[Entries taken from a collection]
——
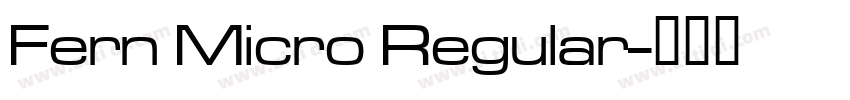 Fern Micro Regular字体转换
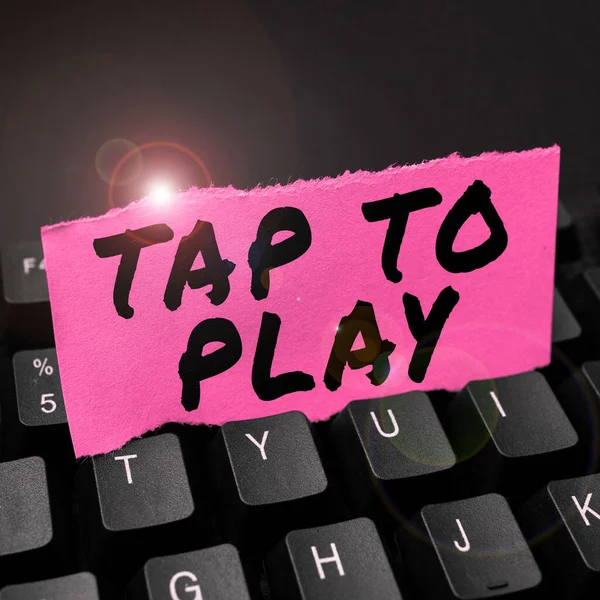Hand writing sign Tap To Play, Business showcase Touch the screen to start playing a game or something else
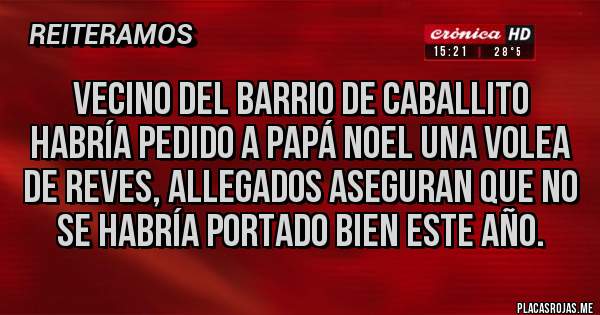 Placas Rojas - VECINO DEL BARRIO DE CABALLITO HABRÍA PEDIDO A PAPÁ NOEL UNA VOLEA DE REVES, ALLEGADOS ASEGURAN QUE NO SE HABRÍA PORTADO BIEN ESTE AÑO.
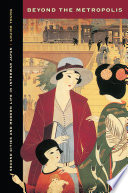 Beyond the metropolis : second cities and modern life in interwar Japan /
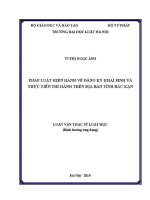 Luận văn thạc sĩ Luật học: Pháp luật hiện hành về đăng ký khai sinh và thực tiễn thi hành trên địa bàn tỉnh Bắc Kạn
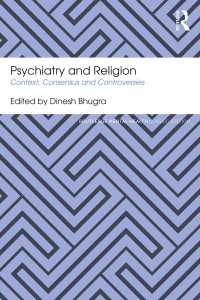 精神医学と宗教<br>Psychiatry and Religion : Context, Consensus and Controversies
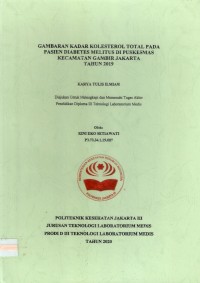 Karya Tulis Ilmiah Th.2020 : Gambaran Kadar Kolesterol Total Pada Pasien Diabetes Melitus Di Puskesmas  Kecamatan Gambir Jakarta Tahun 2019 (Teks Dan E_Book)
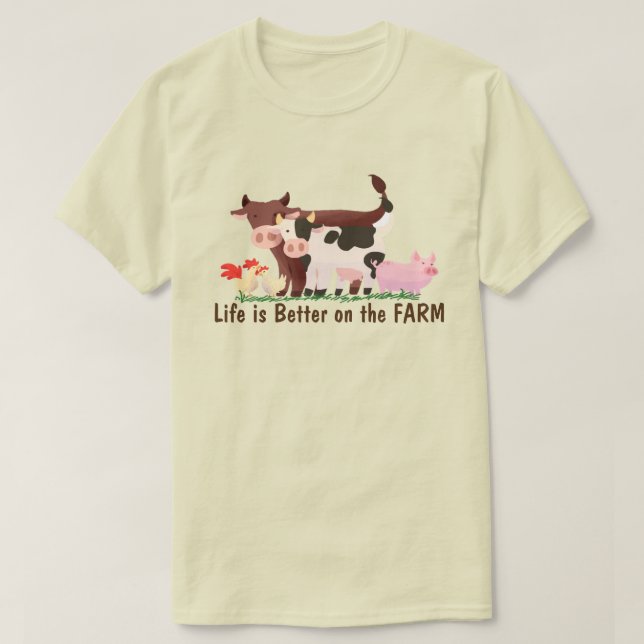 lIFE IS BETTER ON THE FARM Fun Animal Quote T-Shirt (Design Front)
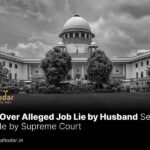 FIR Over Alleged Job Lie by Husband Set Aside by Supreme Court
——
- **Try it**: Repeat only what lies between the start of the data and the end of the line containing "精神医学と宗教<br>Psychiatry and Religion", exactly, with pictures left out.

- **Exercise answer**:
 Fern Micro Regular字体转换
Hand writing sign Tap To Play, Business showcase Touch the screen to start playing a game or something else
 Placas Rojas - VECINO DEL BARRIO DE CABALLITO HABRÍA PEDIDO A PAPÁ NOEL UNA VOLEA DE REVES, ALLEGADOS ASEGURAN QUE NO SE HABRÍA PORTADO BIEN ESTE AÑO.
 Beyond the metropolis : second cities and modern life in interwar Japan /
 Luận văn thạc sĩ Luật học: Pháp luật hiện hành về đăng ký khai sinh và thực tiễn thi hành trên địa bàn tỉnh Bắc Kạn
 精神医学と宗教<br>Psychiatry and Religion : Context, Consensus and Controversies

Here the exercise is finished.